Five of the six former Guantánamo Bay detainees being hosted by Uruguay are refusing to sign an accord with the local United Nations body that would pay for their rent and utilities for one year, demanding that the United States subsist their lives and claiming they were promised three years of free living in the Latin American nation.
Four of the five that have refused to sign the agreement to have their expenses paid have camped out in front of the U.S. embassy in Montevideo for the past three days, according to Uruguay’s El Pais. One cited health issues for not being able to join the others, and the one who has signed the agreement told the press that he is on good terms with the others.
The Uruguayan government has not removed them from the embassy’s front, citing their “absolute freedom of movement” in the nation.

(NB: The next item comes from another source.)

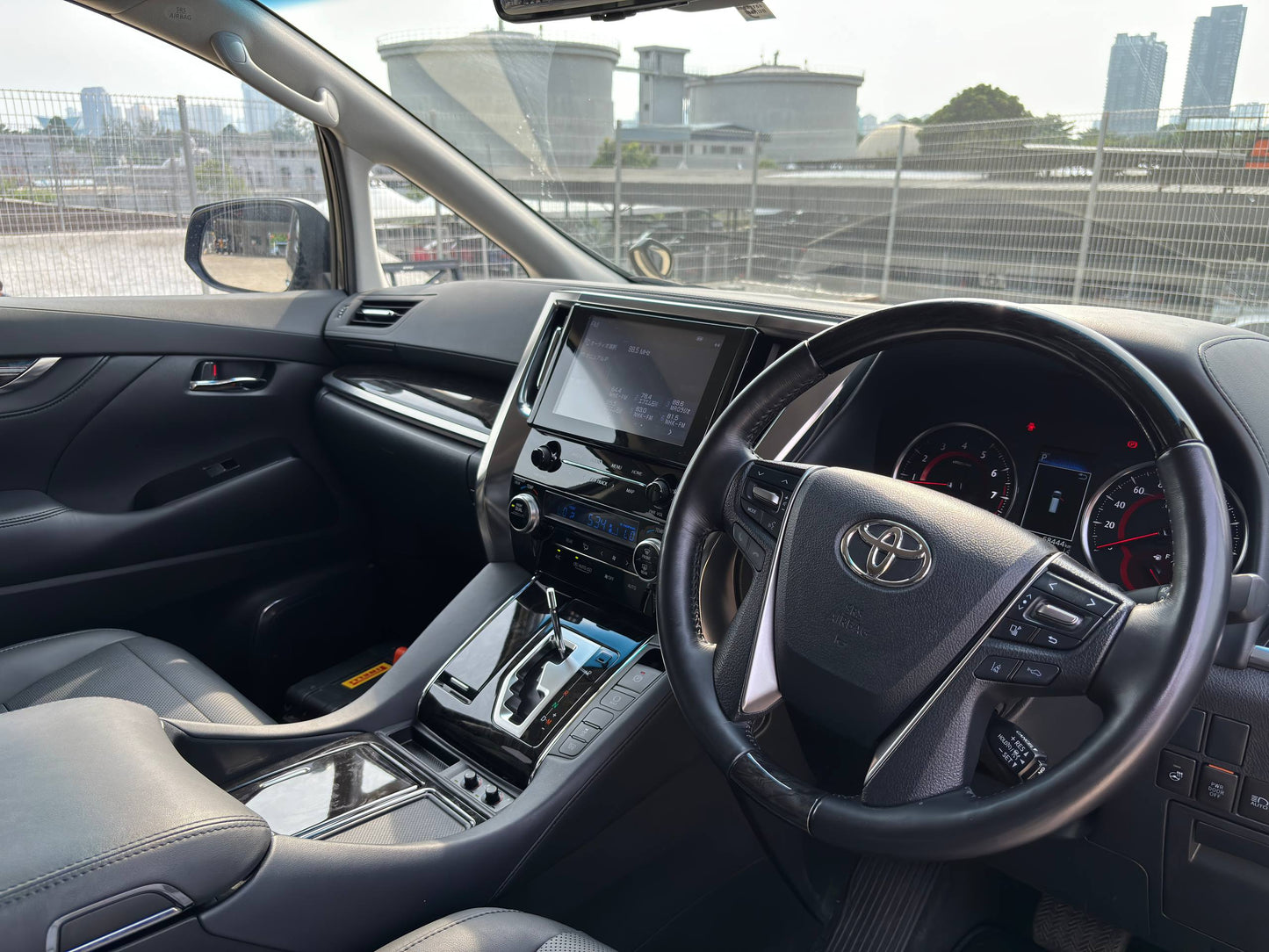 ALPHARD 2.5 SC PACKAGE MODELLISTA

Minister of Foreign Affairs Rodolfo Nin Novoa told El Pais that the government may require the men to sign the agreement in order to continue efforts to find their families and move them to Uruguay, as well. “They have to sign the agreement that extends until February 2016, which basically asks them to learn Spanish so that they can join the workforce and to take care of their health,” Nin said.
The four have established a WordPress blog to express their frustrations with the new system. In that message, they describe Uruguay as “a tiny nation with a big heart,” explaining that they are protesting before the U.S. embassy because “the government of that country detained us erroneously for 13 years, and now they must provide us what is necessary for us to lead a normal life like human beings.” “They cannot delegate their mistakes to others,” they add, “they must help us with residences and financial support.”
The message also claims that Uruguay’s ministry promised three years of support, not one.
Nin Novoa noted that the reason for the deal lasting only one year was that, upon their families arriving in Uruguay, they would have to reassess what kind of living space and financial support they would need. “The prisoners themselves have not defined, through the Red Cross, who they want to transfer from abroad here, how many family members they want to bring,” Nin explained. Without that information, Uruguay can do little to help them with housing. Nin added that Uruguay “wants to give them the peace of mind that, when the agreement ends, we will keep working to not leave them out on the street.”
The Red Cross has been tasked with finding the family members of the six men in the Middle East, many from Tunisia, Syria, and Palestine. Officials believe that having their families with them will help the former detainees settle into life in Uruguay. They have had significant difficulties in doing so, being unable to land jobs due to not learning Spanish and frightening neighbors with loud disputes among each other.
In addition to its program to reintegrate Guantánamo Bay prisoners to society, Uruguay has shut down its program to receive refugees from the Syrian Civil War, citing too many “cultural” differences and insufficient resources to overcome them in March.